__Brief__:
Before you return the entries below, strip out the pictures and keep all else exact.

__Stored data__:
☆ ☆ ☆ ☆

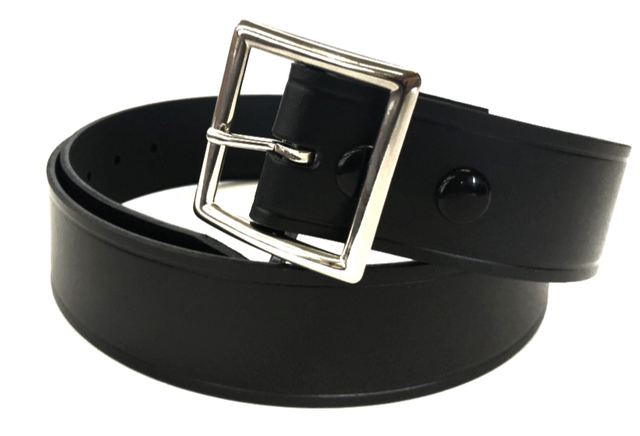 Perfect Fit 5000-CH-56 1.5'' Garrison Belt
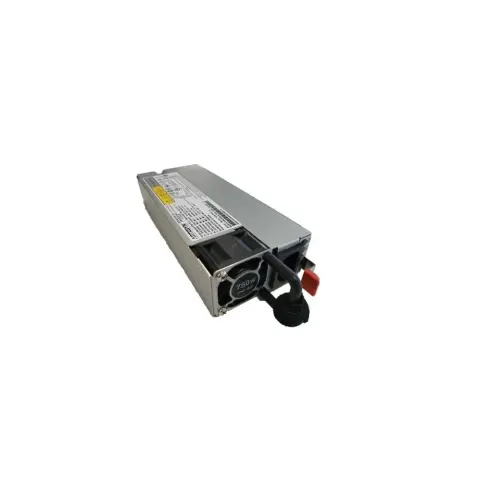 LENOVO ThinkSystem 1100W 230V Titanium Hot-Swap Gen2 Power Supply 4P57A72666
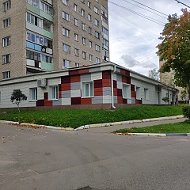 Детская школа искусств №1 пгт.Скоропусковский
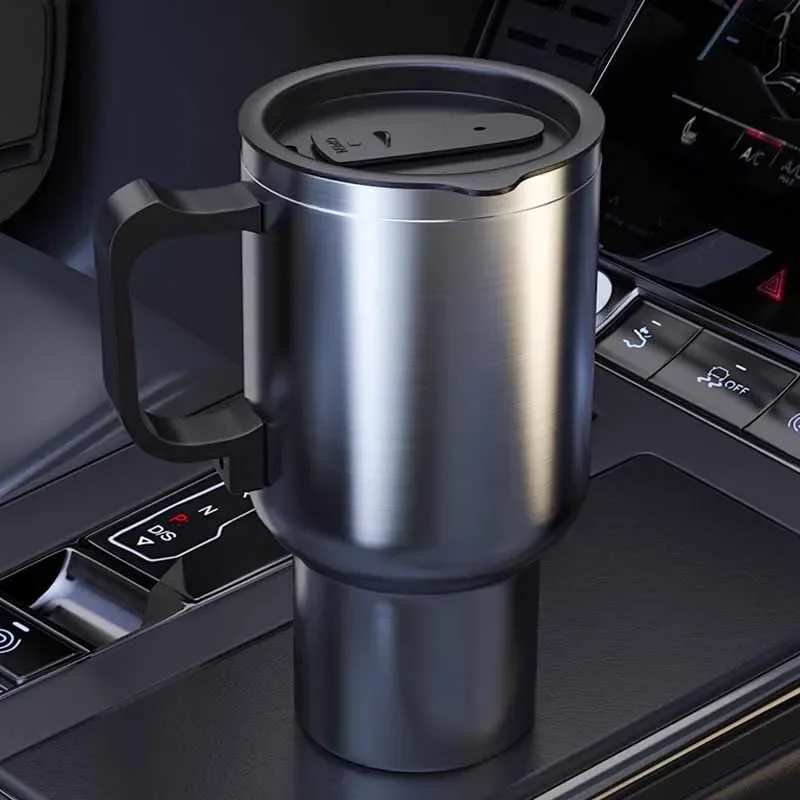 Bouilloire chauffante électriq - Camping Cooking Tin avis et prix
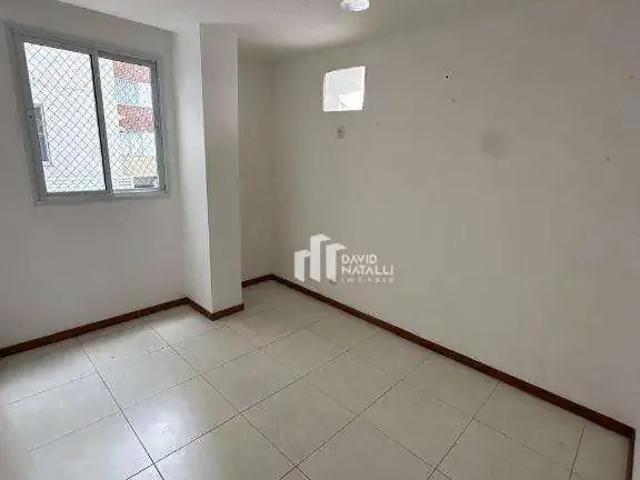Apartamento para Venda em Vitória/ES Mata da Praia 3 Quartos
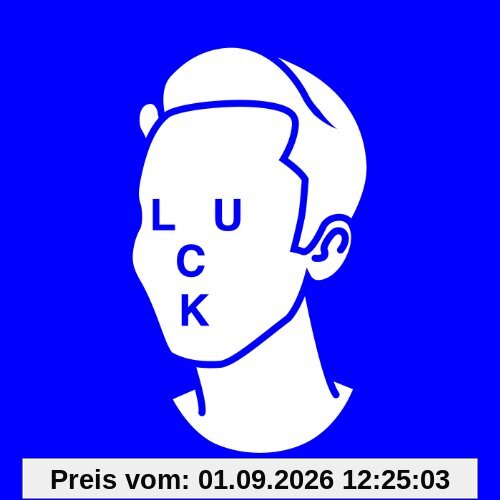 Luck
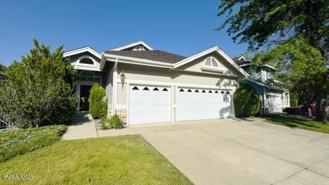 6186 Squires Ln - Photo 1 of 1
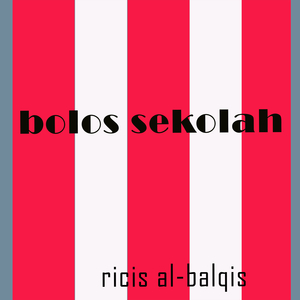 Bolos Sekolah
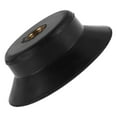 thumbnail image 4 of KAKOWELY dent puller suction cup Car Dent Puller Tool Suction Cup Dent Puller For Car Automotive Dent Puller Car Repair Tools Medium Car Vacuum Puller Car Pneumatic Puller, 4 of 5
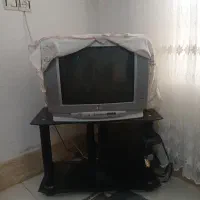 تلویزیون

☆ ☆ ☆ ☆

__Exercise answer__:
 Perfect Fit 5000-CH-56 1.5'' Garrison Belt
 LENOVO ThinkSystem 1100W 230V Titanium Hot-Swap Gen2 Power Supply 4P57A72666
 Детская школа искусств №1 пгт.Скоропусковский
 Bouilloire chauffante électriq - Camping Cooking Tin avis et prix
Apartamento para Venda em Vitória/ES Mata da Praia 3 Quartos
 Luck
 6186 Squires Ln - Photo 1 of 1
 Bolos Sekolah
 thumbnail image 4 of KAKOWELY dent puller suction cup Car Dent Puller Tool Suction Cup Dent Puller For Car Automotive Dent Puller Car Repair Tools Medium Car Vacuum Puller Car Pneumatic Puller, 4 of 5
 تلویزیون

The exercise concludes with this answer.